Join us in-person: Engineering 2, Rm 180 (Simularium)

Description: Over ten million complete SARS-CoV-2 genomes have been deposited in online databases. This dataset has fostered the development of new tools and methods for handling genomic data at pandemic scale. For example, phylogenetic trees can now be effectively constructed from millions of genomes. My proposed research addresses several remaining needs for phylogenetics on large datasets, especially of pathogen genomes. Privacy is a major consideration for genomic data related to human pathogens. I will develop a web browser tool for private phylogenetic analysis of pathogen genomes without transmitting data over the Internet. To address visualization needs, I will develop a phylogeny-linked genome browser, scalable to millions of sequences, that displays mutations in genomes alongside their position in a tree. I will also contribute to the development of a new method of inferring large phylogenies from divergent genomes by placing genomes on existing trees.

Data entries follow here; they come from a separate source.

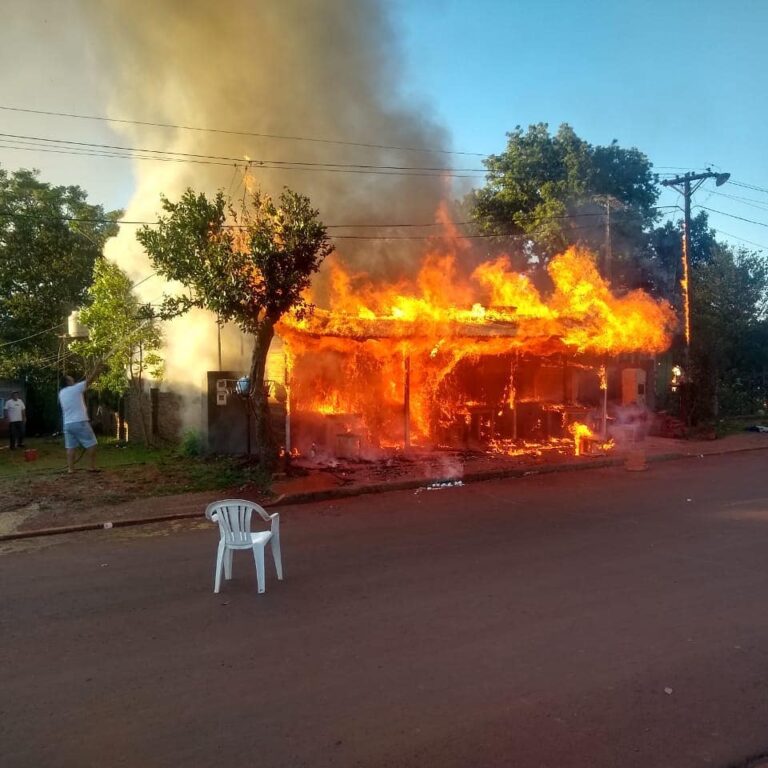 San Vicente: una casa se consumió totalmente por las llamas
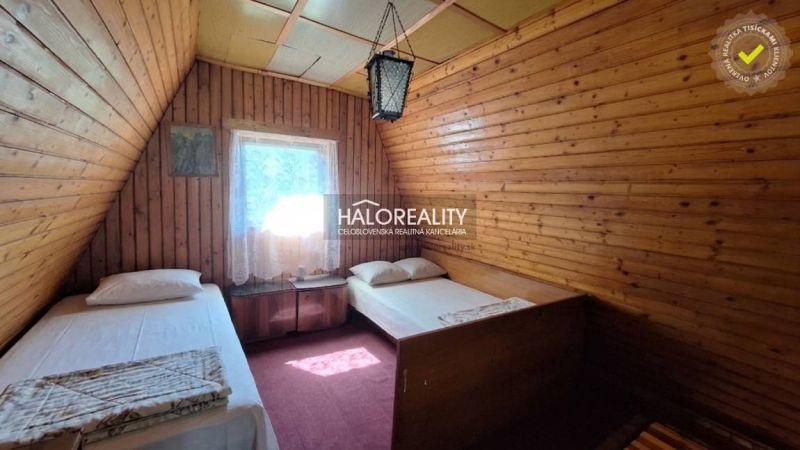 Predaj, chata Chyžné - EXKLUZÍVNE HALO REALITY - Drevená izba s dvoma posteľami v Chate. Tlmené osvetlenie a koberce.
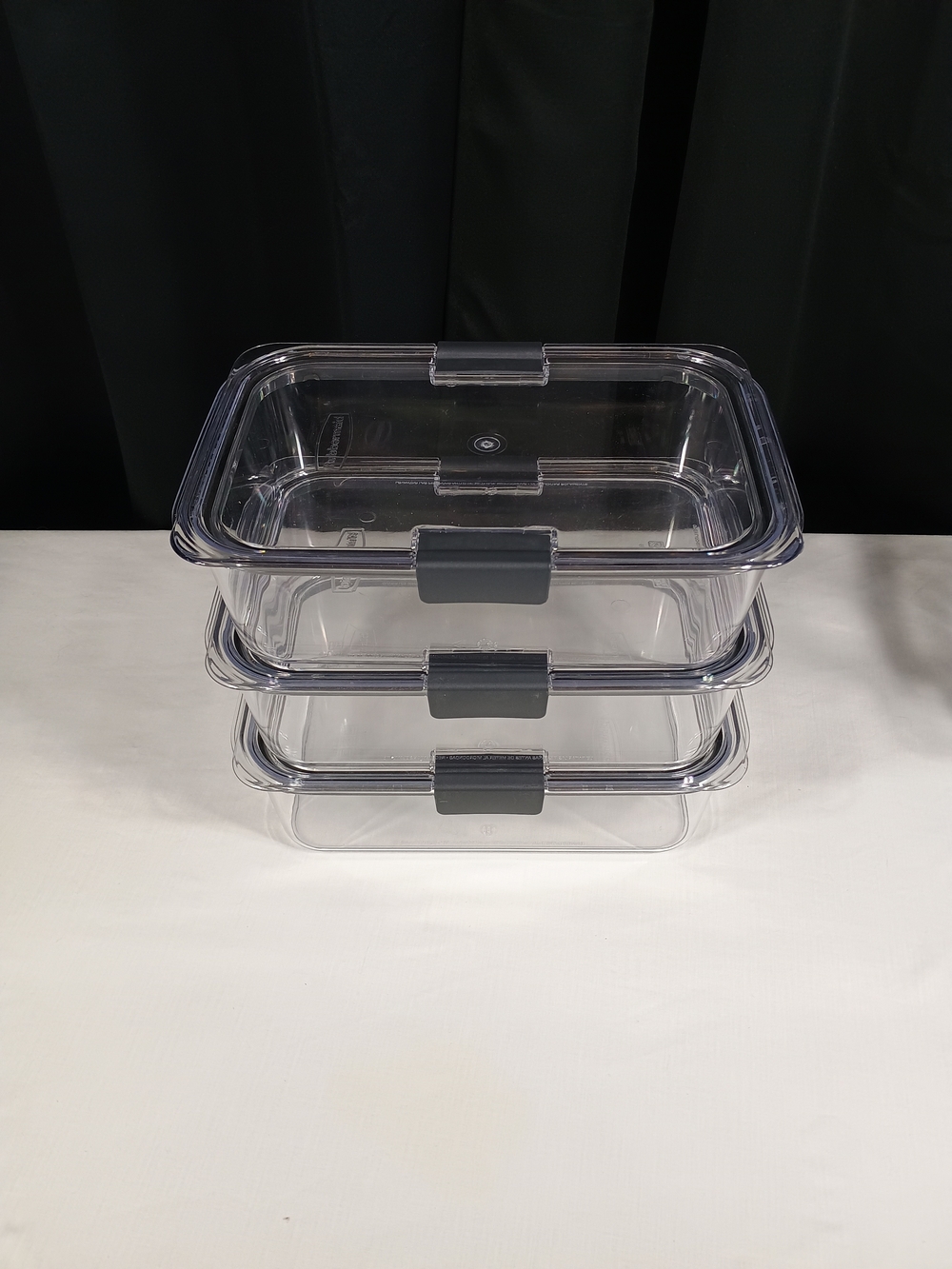 3 Rubbermaid Brilliance Plastic Large 9.6 Cup Size Food Storage Containers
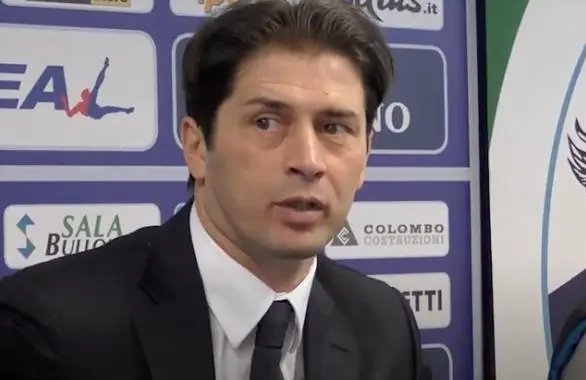 Tacchinardi: Muani lida melhor com a pressão da mídia do que David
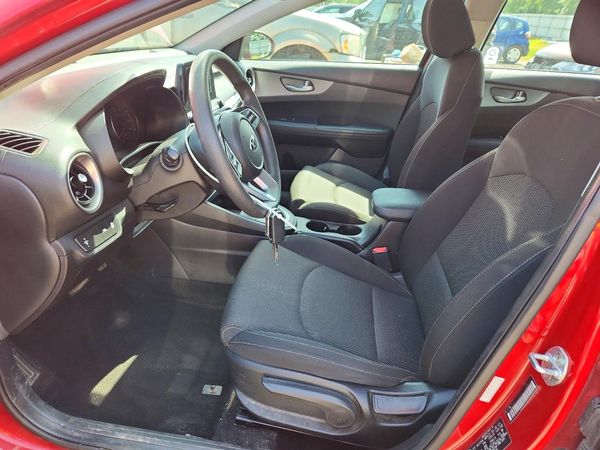 2020 KIA FORTE FE, LXS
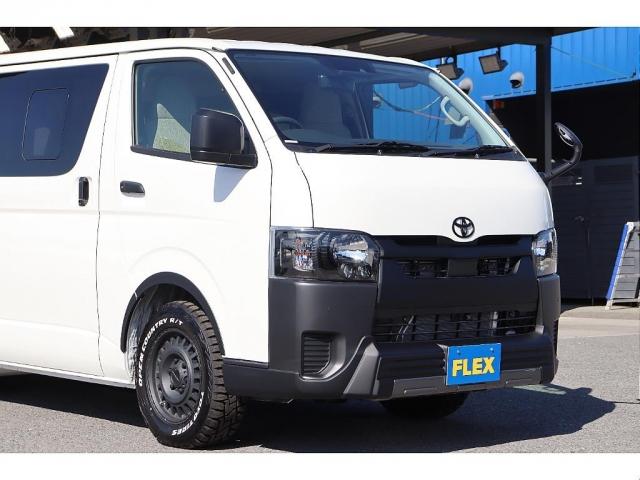 ハイエースバン ロングDX リヤクーラー・ヒーター付 WoodVillageBlackEdition FLEX T-Forceフロントスポイラー FLEX オーバーフェンダー FLEX NEXUSCREST 16インチAW(5枚目)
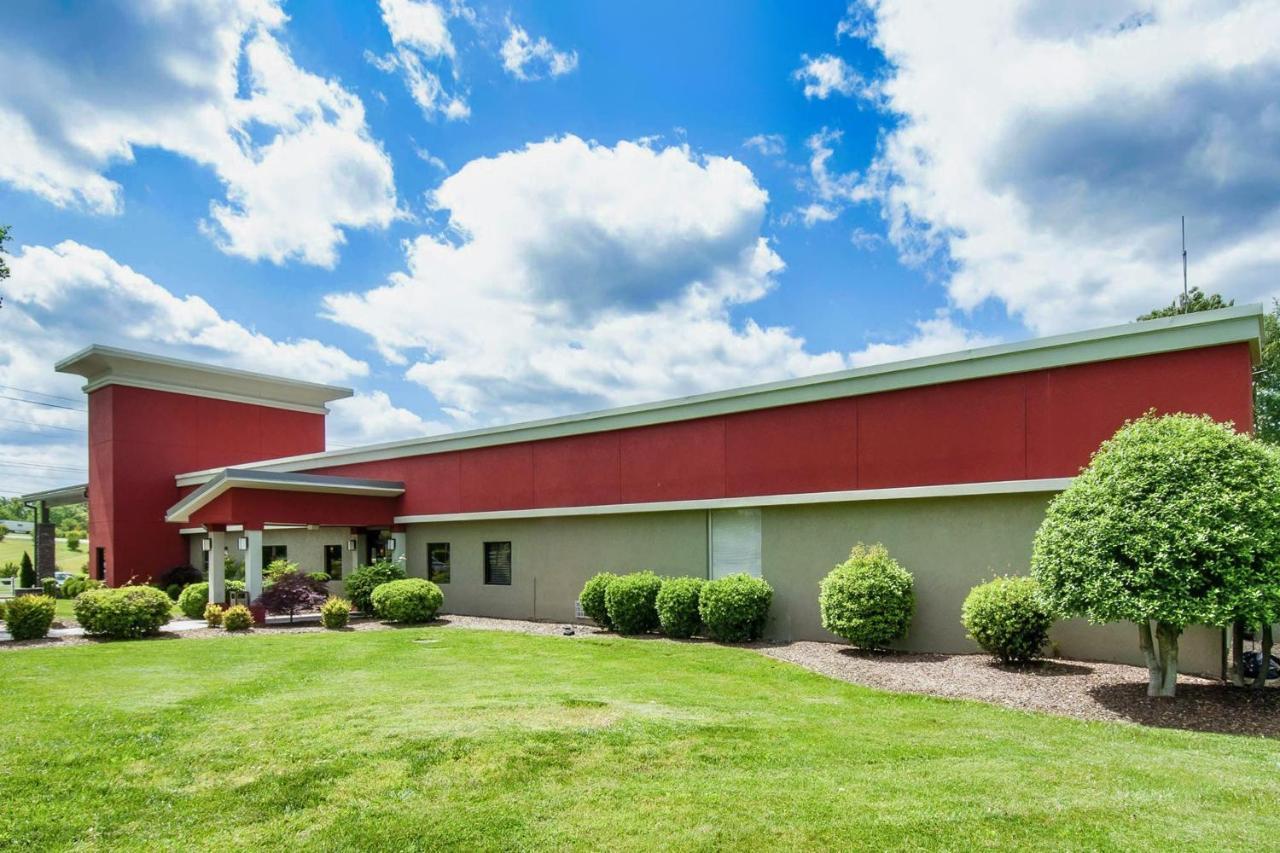 Days Inn & Suites By Wyndham Johnson City Exterior photo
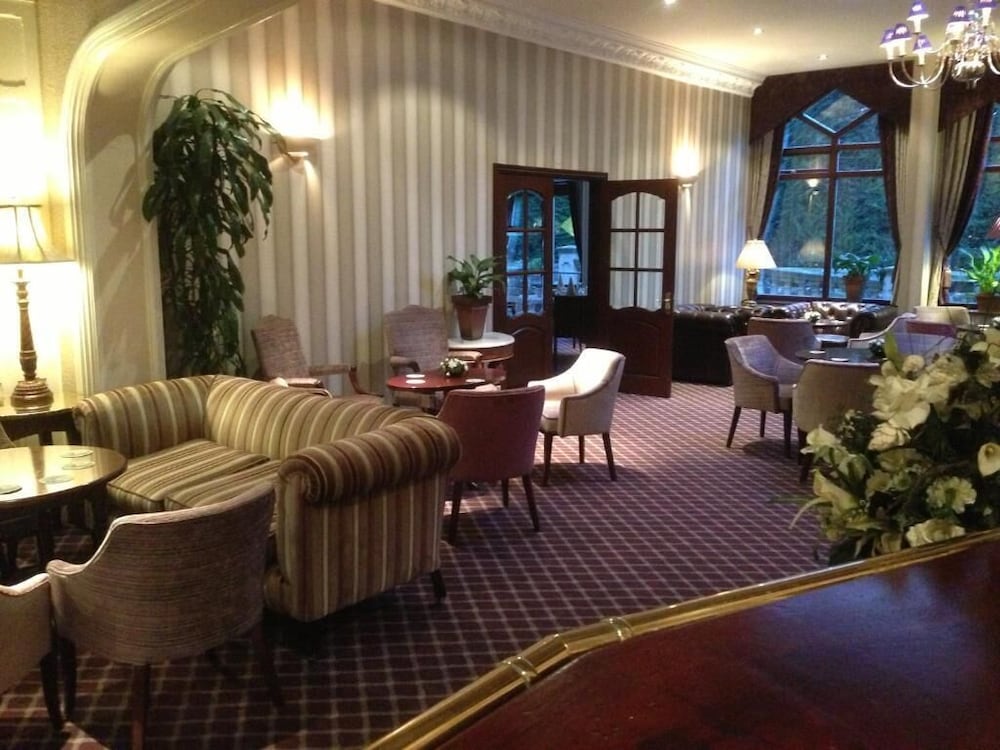 Thornton - Oakwood Hall Hotel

Besides this timely work on SARS-CoV-2 and other pathogens, my research will also investigate a timeless question: where do new introns come from? One possibility is that specialized transposons, called introners, create introns on genome-wide scales. By sequencing isolates from a population of algae that has thousands of polymorphic introns which appear to be introners, I will study the proximate and ultimate factors that drive the evolution of new introns.